Determining which type of CDD to carry out on a prospective customer should be carried out using a Risk-Based Approach (RBA). In basic terms, this involves classifying customers as low, medium or high risk, and applying the relevant checks on them accordingly.

The RBA is recommended by the FATF as it allows companies to allocate their compliance resources where it is needed instead of attempting to carry out extensive CDD on all customers – a difficult and resource-intensive objective for most regulated businesses.

In determining what level of due diligence is required (CDD vs EDD), an onboarding firm needs to search for ‘Red Flags’ associated with the following:

  • Customer’s address/location (country of operations, country of registration)
  • Actual or anticipated account activities
  • Account type (e.g., cash, trading, savings, and investing)
  • Type of business in which the customer is engaged in (export, manufacturing, high-risk industries such as tobacco/alcohol, gaming, etc.)
  • Type of entity (foreign bank, nonbank financial institution, domestic/foreign corporation, trust, individual, corporation, LLC, partnership, etc.)
  • Their source of wealth or source of assets
  • Purpose of the account
  • Presence of involvement of any Politically Exposed Persons (PEP), their immediate family members or close associates

3) Ongoing monitoring

Once a customer has been onboarded, it is necessary to keep track of their behavior and risk status. Put simply, just because a customer is onboarded as low or medium risk does not guarantee that their status changes in the future.

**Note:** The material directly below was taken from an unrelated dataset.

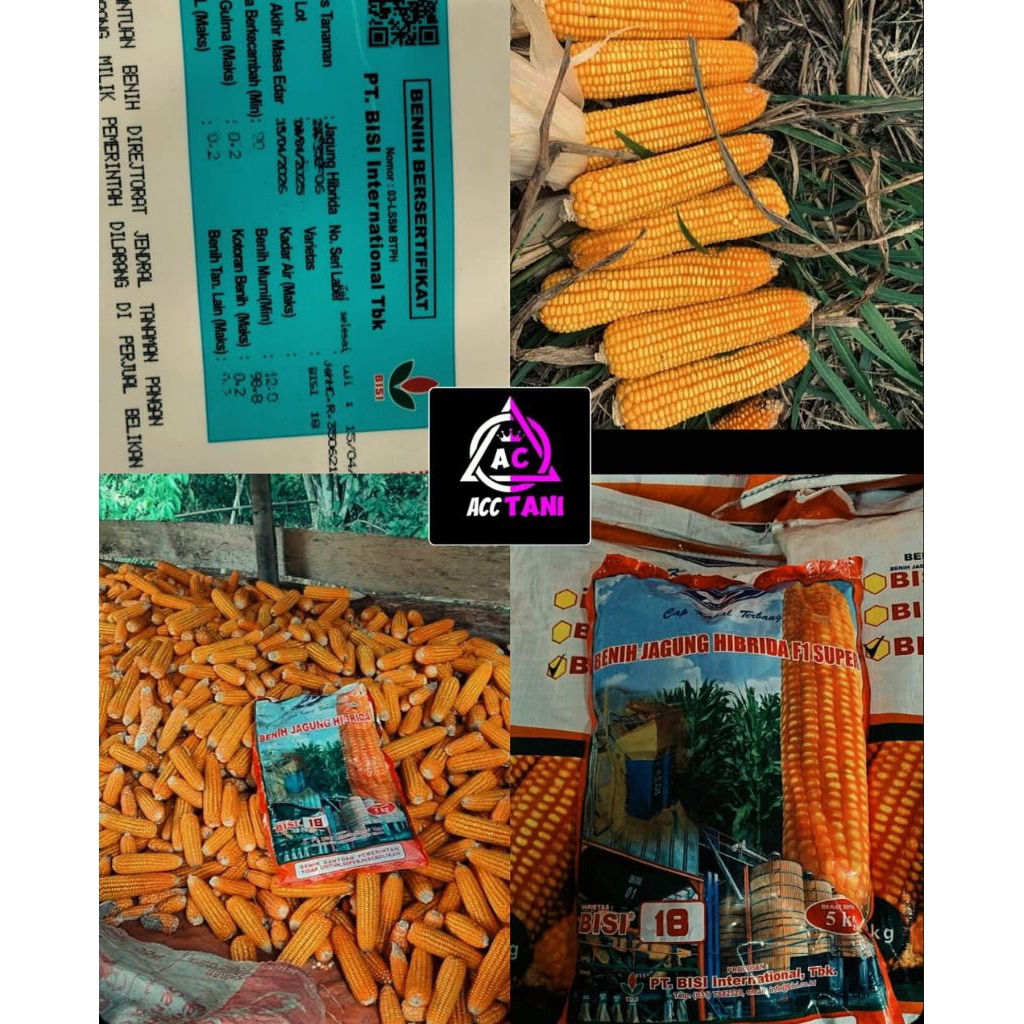 PROMO BENIH JAGUNG BISI 18 KEMASAN 5KG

As noted, the RBA determines whether a customer is low, medium or high risk based on certain thresholds and classifications that are determined internally by the onboarding entity. Ongoing monitoring involves carrying out periodic checks to identify risk factors such as:

  • Sudden fluctuations in transactional activity
  • Unusual cross-border activity
  • Transactions involving sanctioned entities or individuals or those on watchlists
  • Adverse media references

If suspicious activity is detected, this might prompt further EDD and/or the submission of a Suspicious Activity Report (SAR) to relevant regulatory authorities.

Automated KYC

As we’ve seen, carrying out efficient, effective and robust KYC on individual and business customers is not a simple or straightforward process, with multiple complicating factors affecting the degrees and levels of KYC/CDD that should be carried out. In addition, the need to carry out Ongoing Monitoring can be an onerous task for smaller FIs or VASPs with minimal internal compliance resources.

The good news is that these processes can in most cases be covered by automated digital KYC technologies that quickly carry out multiple necessary checks on customers, smoothing and expediting the onboarding process. This makes for both better customer experiences and allows FIs, VASPs and other regulated businesses to scale both in their home countries and in new foreign markets.

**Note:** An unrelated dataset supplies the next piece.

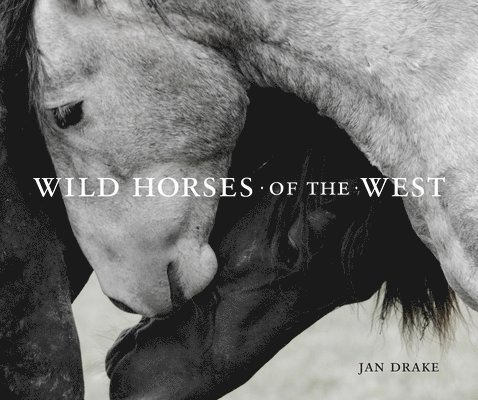 Wild Horses of the West 1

What are potential criminal activities in crypto?

Bitcoin, Ethereum, and other digital currencies are used for a number of criminal activities, including:

  • Scams
  • Ransomware
  • Money laundering
  • Child exploitation
  • Terrorist financing
  • Sanctions evasion
  • And darknet market activity


Why is KYC important?

With cryptocurrency adoption growing exponentially, cryptocurrency businesses need processes to comply with KYC regulations and stop illicit activity. Identity verification, risk assessment, and continuous monitoring are the best means to that end.

Moreover, by adopting new KYC measures, cryptocurrency businesses can build trust with users and regulators without sacrificing their bottom line. When Binance, a crypto exchange, made KYC mandatory for all of its customers, it found that “most people — 96%, 97% of users — go through KYC” during onboarding. This minor reduction in registrations is a small price to pay for the ability to operate in hundreds of regulatory environments, serve millions of customers, and stop illicit activities of every type.